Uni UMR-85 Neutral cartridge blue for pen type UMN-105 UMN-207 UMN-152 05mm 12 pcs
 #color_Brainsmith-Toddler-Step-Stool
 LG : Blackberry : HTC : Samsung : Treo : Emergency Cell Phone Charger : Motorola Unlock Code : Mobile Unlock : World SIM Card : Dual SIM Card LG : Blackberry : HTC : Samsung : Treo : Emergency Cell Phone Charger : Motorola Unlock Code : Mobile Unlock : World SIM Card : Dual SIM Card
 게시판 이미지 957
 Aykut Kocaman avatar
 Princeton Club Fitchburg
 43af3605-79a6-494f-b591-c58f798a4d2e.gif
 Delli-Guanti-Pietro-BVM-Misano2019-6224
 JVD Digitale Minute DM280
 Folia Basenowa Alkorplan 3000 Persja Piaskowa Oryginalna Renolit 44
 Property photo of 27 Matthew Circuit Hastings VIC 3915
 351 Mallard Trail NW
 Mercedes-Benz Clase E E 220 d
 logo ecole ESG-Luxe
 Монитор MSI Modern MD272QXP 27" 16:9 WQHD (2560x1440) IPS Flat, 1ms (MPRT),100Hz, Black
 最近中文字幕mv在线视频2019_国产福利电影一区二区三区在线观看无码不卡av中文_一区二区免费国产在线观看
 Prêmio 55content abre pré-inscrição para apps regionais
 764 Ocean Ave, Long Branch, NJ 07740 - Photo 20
______
Print the entire listing above once more, with nothing changed.

Result of this task:
Uni UMR-85 Neutral cartridge blue for pen type UMN-105 UMN-207 UMN-152 05mm 12 pcs
 #color_Brainsmith-Toddler-Step-Stool
 LG : Blackberry : HTC : Samsung : Treo : Emergency Cell Phone Charger : Motorola Unlock Code : Mobile Unlock : World SIM Card : Dual SIM Card LG : Blackberry : HTC : Samsung : Treo : Emergency Cell Phone Charger : Motorola Unlock Code : Mobile Unlock : World SIM Card : Dual SIM Card
 게시판 이미지 957
 Aykut Kocaman avatar
 Princeton Club Fitchburg
 43af3605-79a6-494f-b591-c58f798a4d2e.gif
 Delli-Guanti-Pietro-BVM-Misano2019-6224
 JVD Digitale Minute DM280
 Folia Basenowa Alkorplan 3000 Persja Piaskowa Oryginalna Renolit 44
 Property photo of 27 Matthew Circuit Hastings VIC 3915
 351 Mallard Trail NW
 Mercedes-Benz Clase E E 220 d
 logo ecole ESG-Luxe
 Монитор MSI Modern MD272QXP 27" 16:9 WQHD (2560x1440) IPS Flat, 1ms (MPRT),100Hz, Black
 最近中文字幕mv在线视频2019_国产福利电影一区二区三区在线观看无码不卡av中文_一区二区免费国产在线观看
 Prêmio 55content abre pré-inscrição para apps regionais
 764 Ocean Ave, Long Branch, NJ 07740 - Photo 20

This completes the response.